Stored data

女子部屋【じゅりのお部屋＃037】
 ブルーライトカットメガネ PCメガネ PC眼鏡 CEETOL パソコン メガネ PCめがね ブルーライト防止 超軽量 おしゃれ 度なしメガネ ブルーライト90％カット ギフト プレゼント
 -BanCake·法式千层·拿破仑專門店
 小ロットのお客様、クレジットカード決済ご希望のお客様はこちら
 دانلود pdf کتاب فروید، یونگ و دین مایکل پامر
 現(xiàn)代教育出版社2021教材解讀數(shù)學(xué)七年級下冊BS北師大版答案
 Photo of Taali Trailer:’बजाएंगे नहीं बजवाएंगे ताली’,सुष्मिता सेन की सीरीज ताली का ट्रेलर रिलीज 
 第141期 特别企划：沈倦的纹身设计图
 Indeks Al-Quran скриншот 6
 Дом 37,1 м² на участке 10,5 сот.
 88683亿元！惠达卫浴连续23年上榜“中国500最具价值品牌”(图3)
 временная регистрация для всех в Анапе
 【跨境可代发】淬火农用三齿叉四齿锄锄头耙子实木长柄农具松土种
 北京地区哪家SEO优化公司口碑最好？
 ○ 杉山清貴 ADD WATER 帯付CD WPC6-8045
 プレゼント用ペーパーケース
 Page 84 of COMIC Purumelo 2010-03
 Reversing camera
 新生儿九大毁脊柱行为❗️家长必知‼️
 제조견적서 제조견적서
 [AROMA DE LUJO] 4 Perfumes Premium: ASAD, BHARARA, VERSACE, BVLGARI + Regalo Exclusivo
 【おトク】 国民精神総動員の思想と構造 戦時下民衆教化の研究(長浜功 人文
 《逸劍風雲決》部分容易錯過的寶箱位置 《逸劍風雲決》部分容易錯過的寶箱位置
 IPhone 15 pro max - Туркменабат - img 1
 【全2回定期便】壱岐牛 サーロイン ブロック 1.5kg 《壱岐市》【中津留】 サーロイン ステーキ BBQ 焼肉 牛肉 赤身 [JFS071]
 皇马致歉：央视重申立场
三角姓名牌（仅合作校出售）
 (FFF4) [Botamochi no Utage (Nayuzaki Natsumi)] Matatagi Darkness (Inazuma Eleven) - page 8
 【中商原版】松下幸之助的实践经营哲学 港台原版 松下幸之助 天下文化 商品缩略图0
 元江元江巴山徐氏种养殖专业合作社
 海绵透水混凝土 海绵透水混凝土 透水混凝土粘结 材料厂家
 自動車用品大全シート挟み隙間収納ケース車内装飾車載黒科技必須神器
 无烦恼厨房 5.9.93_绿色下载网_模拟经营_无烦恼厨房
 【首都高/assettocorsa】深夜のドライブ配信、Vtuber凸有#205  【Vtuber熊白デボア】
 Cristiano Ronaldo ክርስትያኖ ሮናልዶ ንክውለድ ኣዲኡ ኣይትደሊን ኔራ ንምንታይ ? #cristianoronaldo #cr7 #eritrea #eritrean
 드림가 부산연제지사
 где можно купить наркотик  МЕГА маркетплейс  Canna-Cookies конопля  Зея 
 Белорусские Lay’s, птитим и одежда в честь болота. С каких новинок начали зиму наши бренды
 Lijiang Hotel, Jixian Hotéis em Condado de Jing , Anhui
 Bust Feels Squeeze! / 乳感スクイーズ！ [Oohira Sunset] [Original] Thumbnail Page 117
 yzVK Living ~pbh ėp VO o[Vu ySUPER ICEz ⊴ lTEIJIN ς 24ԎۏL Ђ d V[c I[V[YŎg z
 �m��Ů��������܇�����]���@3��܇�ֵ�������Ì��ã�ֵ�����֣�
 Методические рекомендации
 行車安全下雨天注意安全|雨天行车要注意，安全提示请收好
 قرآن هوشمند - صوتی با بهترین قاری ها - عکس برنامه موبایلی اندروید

**PROBLEM TO WORK ON:** From the data above, output only the lines between the line containing "三角姓名牌（仅合作校出售）" and the line containing "Cristiano Ronaldo ክርስትያኖ", inclusive, exactly as written.

**RESPONSE:**
三角姓名牌（仅合作校出售）
 (FFF4) [Botamochi no Utage (Nayuzaki Natsumi)] Matatagi Darkness (Inazuma Eleven) - page 8
 【中商原版】松下幸之助的实践经营哲学 港台原版 松下幸之助 天下文化 商品缩略图0
 元江元江巴山徐氏种养殖专业合作社
 海绵透水混凝土 海绵透水混凝土 透水混凝土粘结 材料厂家
 自動車用品大全シート挟み隙間収納ケース車内装飾車載黒科技必須神器
 无烦恼厨房 5.9.93_绿色下载网_模拟经营_无烦恼厨房
 【首都高/assettocorsa】深夜のドライブ配信、Vtuber凸有#205  【Vtuber熊白デボア】
 Cristiano Ronaldo ክርስትያኖ ሮናልዶ ንክውለድ ኣዲኡ ኣይትደሊን ኔራ ንምንታይ ? #cristianoronaldo #cr7 #eritrea #eritrean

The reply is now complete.